Thursday 23 August 2007

Guilty Secrets...

OK, I admit it! I'm a hypocrite. And you wanna know why? Because I just went out and bought Harry Potter and the Deathly Hallows.

At the RM 109.90 price!!

Despite in previous posts pouring scorn on those profiteering bookshops who sold the book well over the odds, I succumbed to temptation and bought a copy now that it's payday and I'm rich again.

Don't worry, I don't think I have entirely sold my soul. The place I bought it, you see, was the kedai koperasi (co-operative shop) at my university. Not one of the big profiteering book chains, but a small store set up by the university to help the students and staff. So that's alright, then. My sociopolitical conscience is safe.... Sort of..

Besides, I was genuinely impatient to find out who gets killed off in this the last book in the Potter series.

I have already read the first five chapters and the body count is mounting. It is genuinely gripping stuff, and Rowling's style has gradually evolved and matured along with many of her readers. Gone are the mildly amusing English eccentricities and silliness present in the earlier books - this is a serious thriller set in a world which has become utterly familiar, yet ominously terrifying. I can't wait to get back to the book after posting this...

Maybe if you are all good readers and click on my advertisements, I will write a proper review of the book when I've finished.

To be honest with you, Harry Potter is just the latest in a long list of great things that I have got into long after everyone else has done them and moved on. Take pop music for instance. When I was young, everyone was blowing up their hair and throwing themselves all over the place to the sounds of the Smiths, the Pet Shop Boys and Depeche Mode, to name a few great icons of the Eighties and early Nineties.

Yet at the time, I couldn't stand them. I much preferred Stevie Wonder and Michael Jackson. I thought the lead singer of the Smiths sounded like a manic depressive on mogadon who produced music to slit your wrists to. Depeche Mode were just weirdos with silly hair and make-up, to me then. And the Pet Shop Boys well, what were they on about, eh?

Now I'm an old codger of 42-ish, look at me. What are the most frequently-played CDs in my car? The Smiths Greatest Volumes 1 and 2. An absolutely superb double CD remix compilation of - you've guessed it - Depeche Mode. And a similarly brilliant collection of the Pet Shop Boys' Greatest Hits. And I keep on playing them, over and over, because I love them for reminding me of the fun I never had.

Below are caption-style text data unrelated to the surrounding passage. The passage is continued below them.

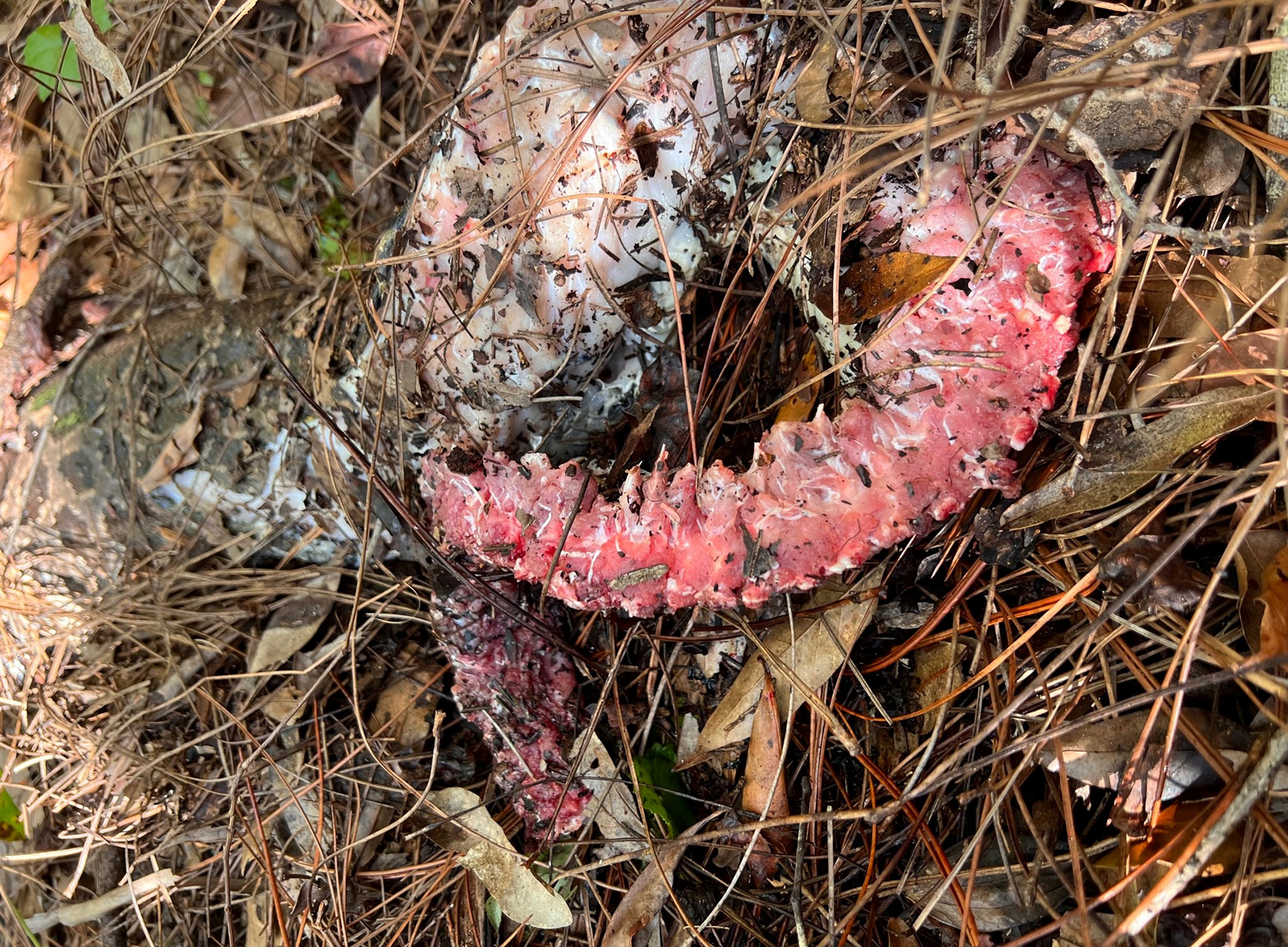 A python's neck after being chewed on by a bobcat.
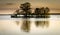 Trees on an island reflecting in water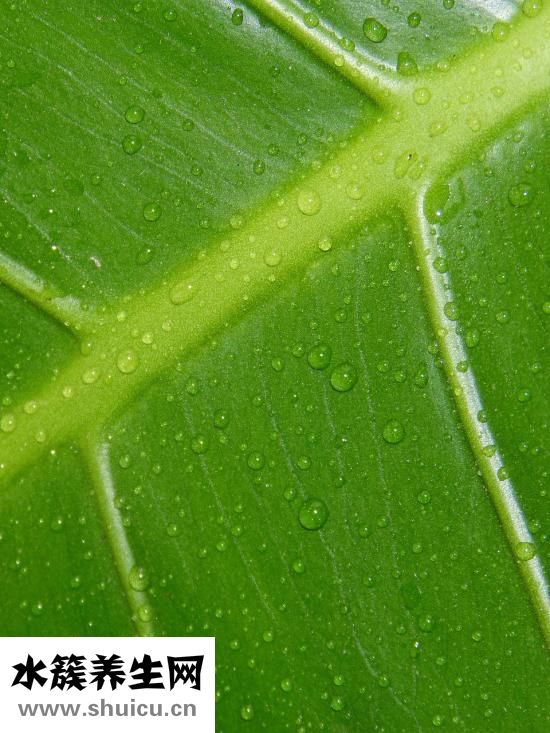 燥起來是什么意思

In fact, if you really want to know, the past is for me by far the richest source of musical enjoyment. I'm not saying that I don't rate the current music scene - oh no. I think, for instance, that Robbie Williams is a wonderfully inventive cheeky working-class genius who makes me proud to be British whenever I hear his stuff. I am also turned on massively by the innovative and exciting vibes of hip-hop and jazz, and the way rappers like Eminem twist the language round and round and speed it up in ways never imagined before excites my linguistic sensibility. And I think George Michael, for all his mercurial temper, has one of the best soul voices in existence.

But, as some old fogies might say, they don't make songs like they used to. Like, for instance, the Beatles. Like Elvis. Like Bowie. Like the Stones. Like Pink Floyd. Like Led Zeppelin. Like the Doors. Like Stevie Wonder in his Songs in the Key of Life period. Like Michael Jackson when he was still black.

I could go on of course.

I came to all of these artists much later than their maximum sell-by date, and because of this I appreciate them more. And the reason is that time, as well as healing all wounds, helps us to see the value in things that we just couldn't appreciate at the time because, well, we were too busy experiencing them to notice.